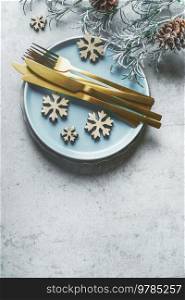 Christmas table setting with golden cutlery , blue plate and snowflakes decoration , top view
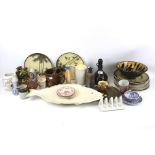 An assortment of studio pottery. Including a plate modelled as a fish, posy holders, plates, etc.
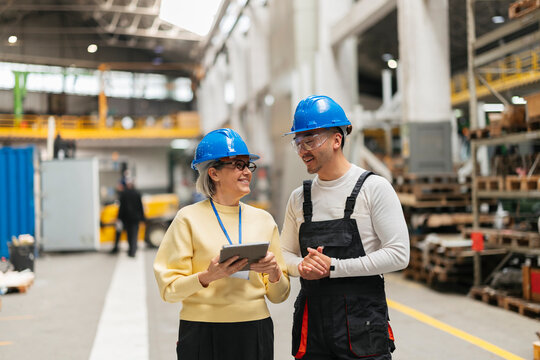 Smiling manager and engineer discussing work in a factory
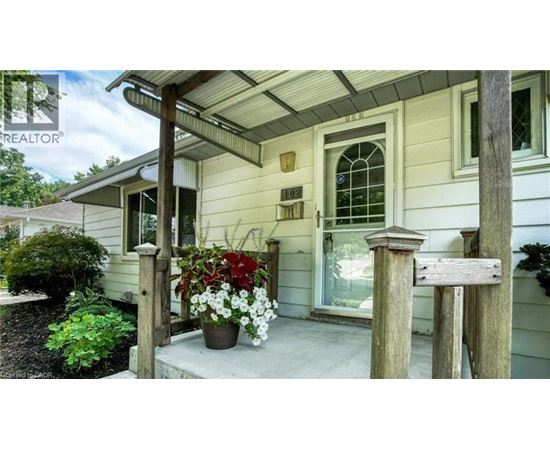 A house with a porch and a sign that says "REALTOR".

┄┄┄┄┄┄┄┄┄┄

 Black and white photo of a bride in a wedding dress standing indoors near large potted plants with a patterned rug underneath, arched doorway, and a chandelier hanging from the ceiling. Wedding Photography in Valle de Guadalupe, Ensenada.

┄┄┄┄┄┄┄┄┄┄

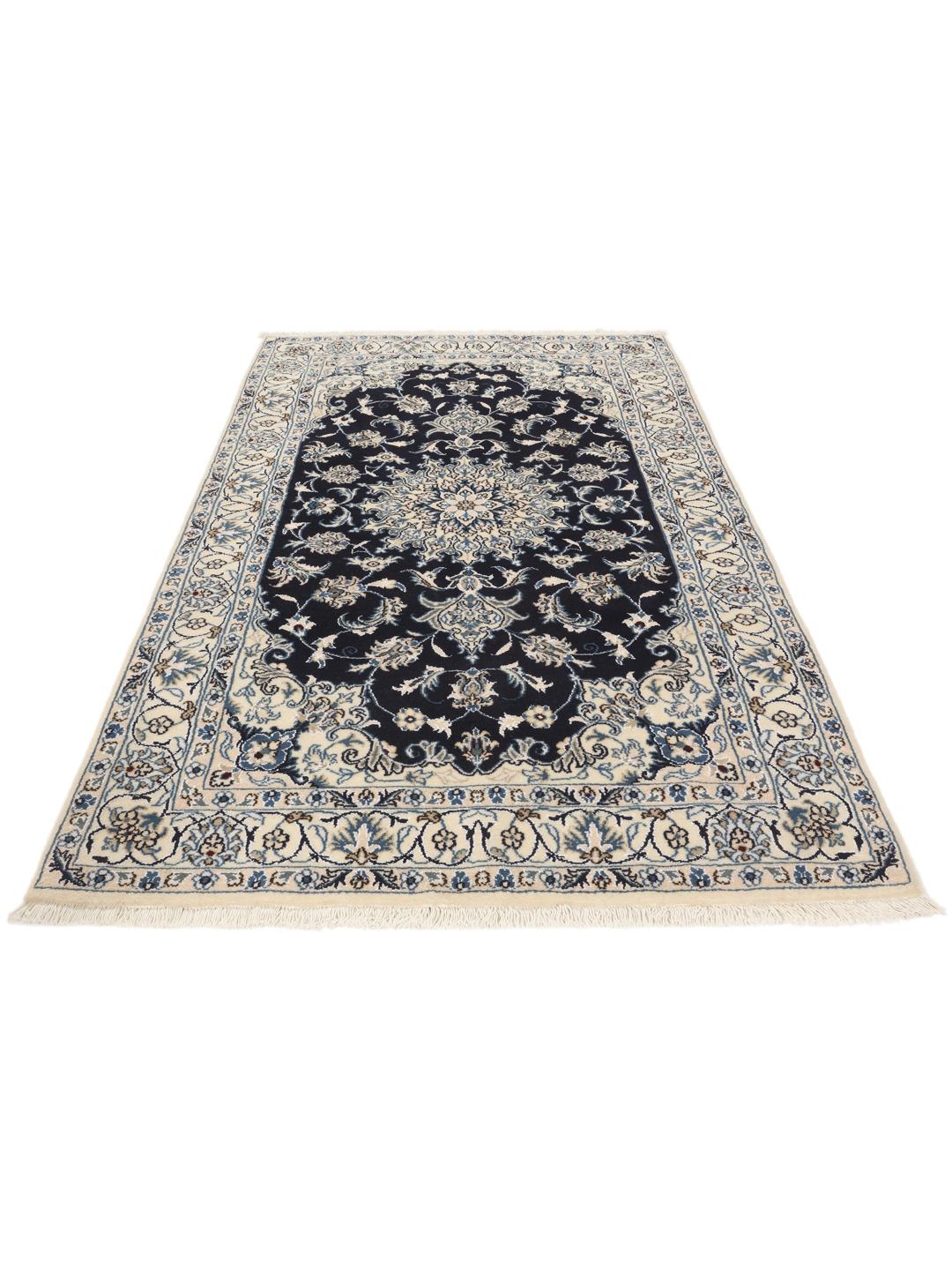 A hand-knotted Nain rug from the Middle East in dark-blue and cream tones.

┄┄┄┄┄┄┄┄┄┄

* [PROBLEM REQUIREMENTS] The material above holds pictures; leave them out and set down exactly the lines from the line with "Christmas table setting" to the line with "A house with", both included.

* [FINAL ANSWER]
 Christmas table setting with golden cutlery , blue plate and snowflakes decoration , top view
 An assortment of studio pottery. Including a plate modelled as a fish, posy holders, plates, etc.
 Smiling manager and engineer discussing work in a factory
 A house with a porch and a sign that says "REALTOR".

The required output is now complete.